For all the other tables, the following namign convention applies:

bqm_[FLOW NAME]_[TABLE IDENTIFIER]: tables that are materialized with the “table” materialization keyword
bqmi_[FLOW NAME]_[TABLE IDENTIFIER]: tables that are materialized with the “incremental” materialization keyword
bqmvw_[FLOW NAME]_[TABLE IDENTIFIER]: tables that are materialized with the “materialzed_view” materialization keyword. This is a local adapter and you can refer to this page for setting it up and using it.
bqvw_[FLOW NAME]_[TABLE IDENTIFIER]: tables that are materialized with the “view” materialization keyword

For the mapping tables that we materialize via seeds, we apply the following naming convention:

mapping_[TABLE_IDENTIFIER]

It is worth noting that the file names must be unique across all your codebase but table names can be identical across data layers (as a reminder, table names are set via the “alias” setting). Our naming conventions also prepend the data layer in the file name. The following example shows a very simple example of this naming convention:

The image displays a folder structure for a marketing dbt project, including configuration files, SQL and YAML files for staging, data warehouse, and data marts, as well as seed files for Salesforce customer mapping.

The customer table in staging and data warehouse will have the same name in BigQuery (as both will be given aliases “bqmi_customer” ) but dbt will compile without any errors as those tables materialise in different project IDs (therefore have different table IDs).

If your data domain contains many models and a certain level of complexity, it is very likely you will end up with various levels of subfolders and this is totally fine as it will give more structure to your project. A simple example with a subfolder within your data warehouse layer folder:

The image shows a directory structure for a data warehouse within a dbt project, including an 'intermediate' subfolder with SQL files for unioned and grouped customer data, and SQL and YAML files for a marketing customer dataset.

This was just a little taste of naming conventions we apply and naming conventions should actually go as far as setting naming conventions for your columns (see this great article on “Column Names as Contracts”). Naming conventions should be discussed during a workshop with your entire dev and business team to come up with what works best for you. The important point is to write documentation about those naming conventions once you have agreed upon those and to enforce those via:

Pre-commit hooks: this gives direct indication to the developer when he/she commits on the feature branch.
Code review: peer review where a senior dev reviews your potential wrong naming conventions.
CI pipeline: this is an automated pipeline that will fail in case your naming conventions do not comply with your company naming conventions.

SQL conventions:

There are great conventions that have already been written and I will refer to the ones of dbt Labs here. I invite the reader to read all those best-in-class conventions and make it a standard within your company. One of the big dangers of SQL is that it is easy enough for anyone to start writing it; this can then lead to a great amount of SQL technical debt afterwards.

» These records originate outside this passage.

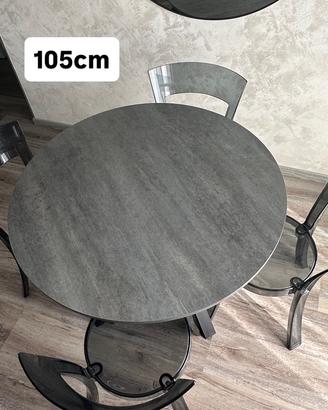 Tavolo rotondo 105cm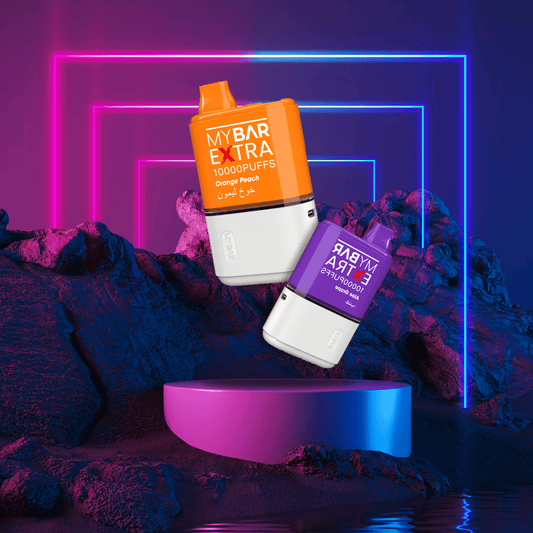 MYBAR EXTRA BERRY PEACH Up to 5000X3 Puffs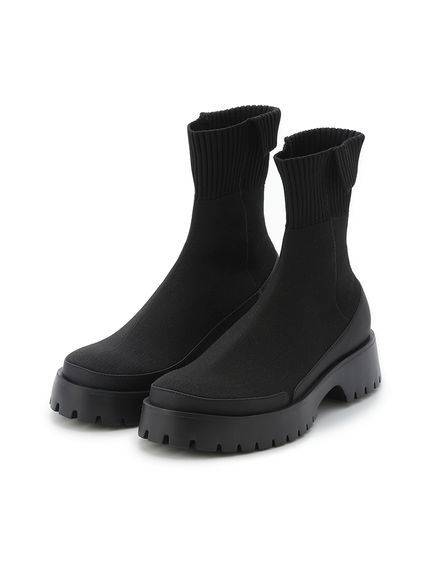 emmi eco ニットブーツ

In order to automate your SQL conventions as much as possible, SQLFluff will come handy (it supports the dbt SQL syntax). It is open-source and probably the most advanced SQL linter and auto-formatter. You can define your SQL conventions in a config file and run SQLFluff as a pre-commit hook; this will ensure that your developers receive guidance every time they commit a new SQL file.

You can also have those SQL enforcements done during a merge request pipeline using reviewdog. Reviewdog provides a way to post review comments to code hosting services, such as GitHub, automatically by integrating with any linter tools with ease. It uses an output of lint tools and posts them as a comment if findings are in diff of patches to review. For SQLFluff Github actions, many linter rules have developed on this repository.

dbt macros

dbt macros are the equivalent of functions in any other programming language. As such, macros need to abide to functions best practices:

Do One thing
One level of abstraction per function

Macros need to be located in the “macros” folder and can either be located in the “shared” dbt project or the “data domain” dbt project. This decision boils down to if the macro is specific to a data domain or is generic and can be reused across other data domains. For instance a macro that compute the age of a person based on a birth date should probably be located in the “shared” dbt project as it is quite generic and might be used by different data domains.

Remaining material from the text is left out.